# JVC KT-SR1000 - Crackley sound



## JWKessler (Jun 3, 2004)

I just bought a JVC KT-SR1000 last weekend and have been enjoying it. It works flawlessley in the car, but at home I'm less pleased. The problem is a crackley sound - almost like static. It's most noticable on talk stations, and at first I thought it was related to a bad feed. But then I noticed all the talk stations had the same problem. Music tends to mask the noise, but it's present there as well.

I unplugged the audio cable from the base station and plugged it into my iPod. The sound is fine, so it's not the input to my sound system or the audio cable. I then connected a pair of head phones to the line out jack on the base unit. The level is a bit low, but it sounds fine that way as well.

Any one have similar experiances? I do notice the power cable has to be oriented just so or the base station looses power.

John K.


----------



## JWKessler (Jun 3, 2004)

Followup - I exchanged the base station with another and the problem persists. I've pretty much traced it to a power problem and believe it's a poor design.

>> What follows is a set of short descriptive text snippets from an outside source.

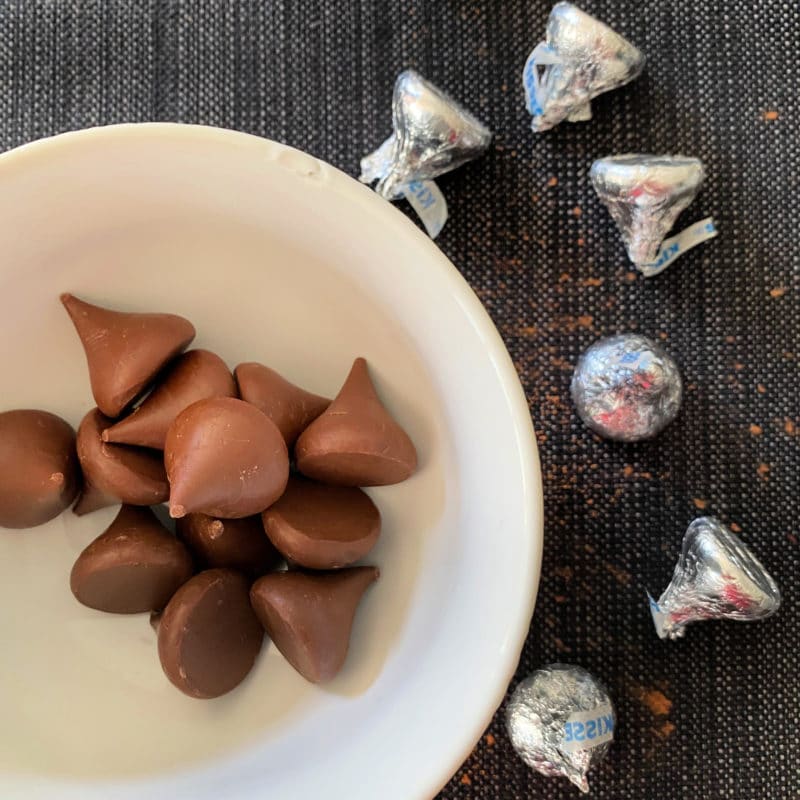 Preparing Halloween Chocolate Sugar cookies with chocolate kisses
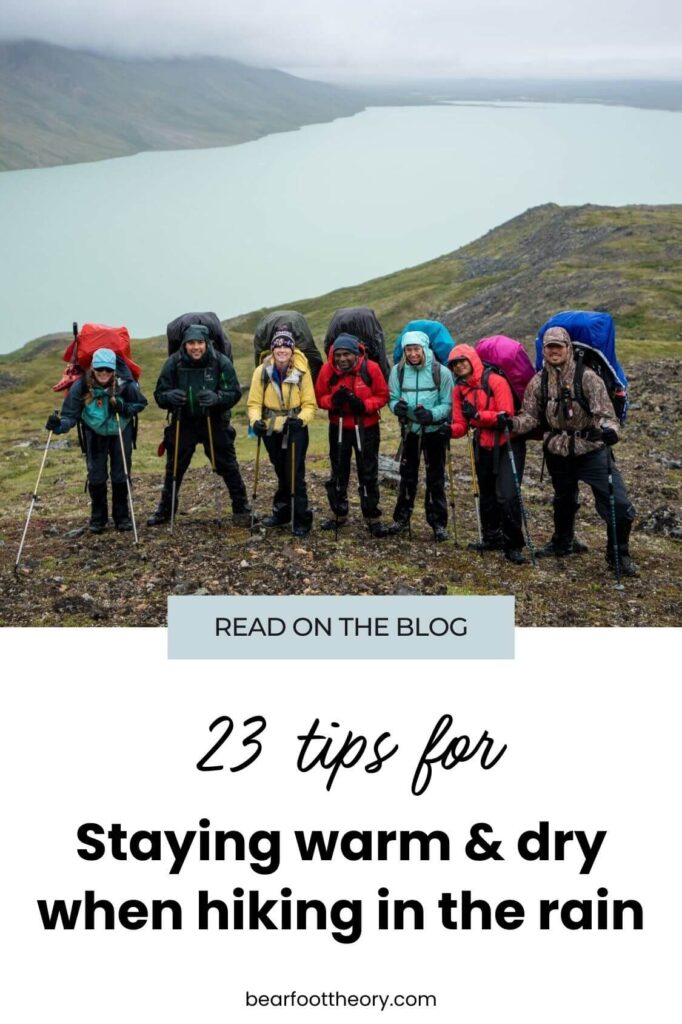 Pinnable image of group of backpackers dressed in rain gear. Text reads "23 tips for staying warm and dry when hiking in the rain"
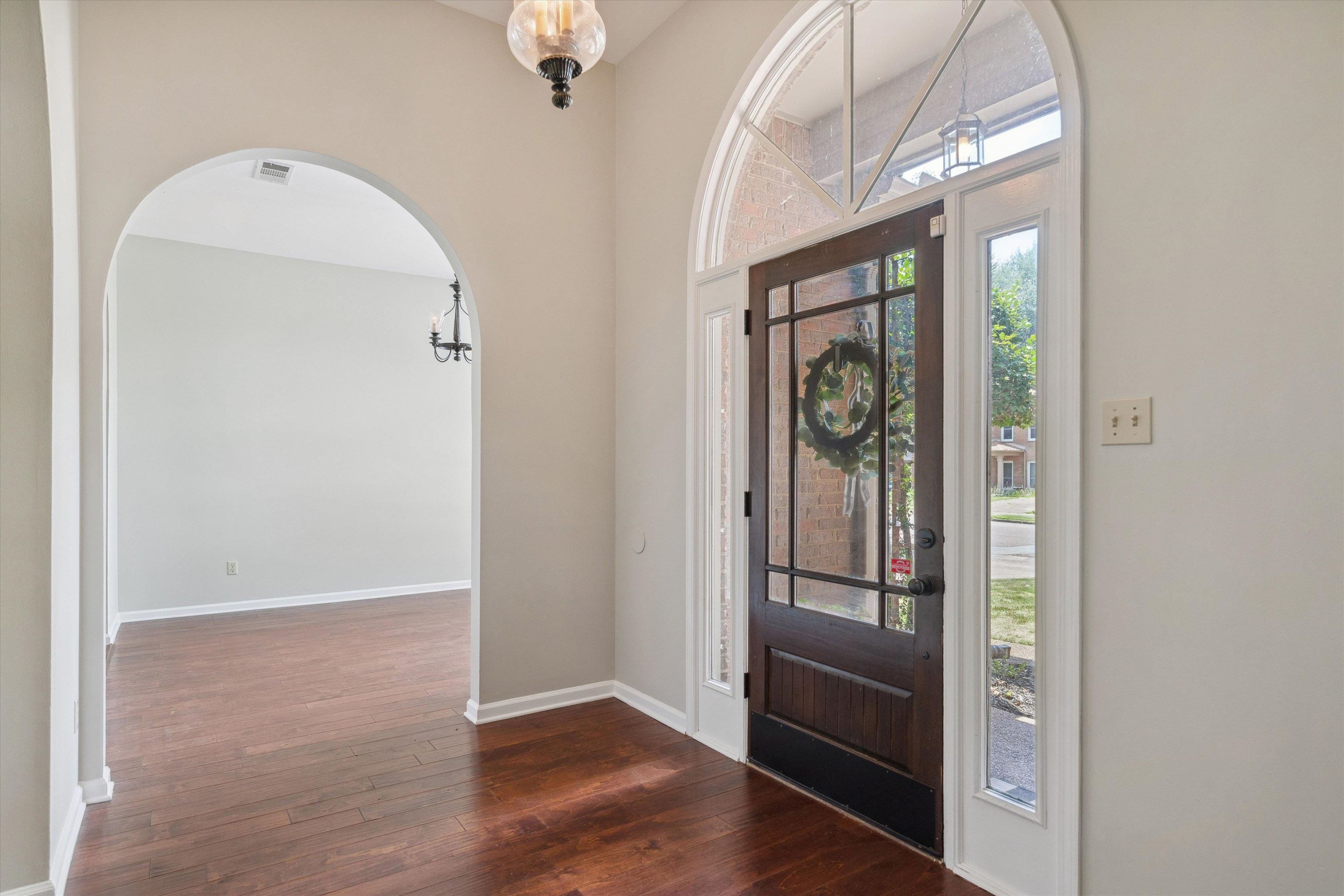 852 Joe Drive Collierville, TN 38017 - Photo 5 of 27 a view of a hallway with wooden floor and entryway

The unit acts up when ever I switch on lights in the room where the Sirius receiver is located. Dimmers causes a buzzing sound and initial power on of a set of lamps causes the sound to totally cut out briefly.

I sent JVC a detailed e-mail but have received no reply yet. I'm now shopping for a better power supply - 12VDC at 2 Amps are needed.

John K.


----------



## Guest (Jun 10, 2004)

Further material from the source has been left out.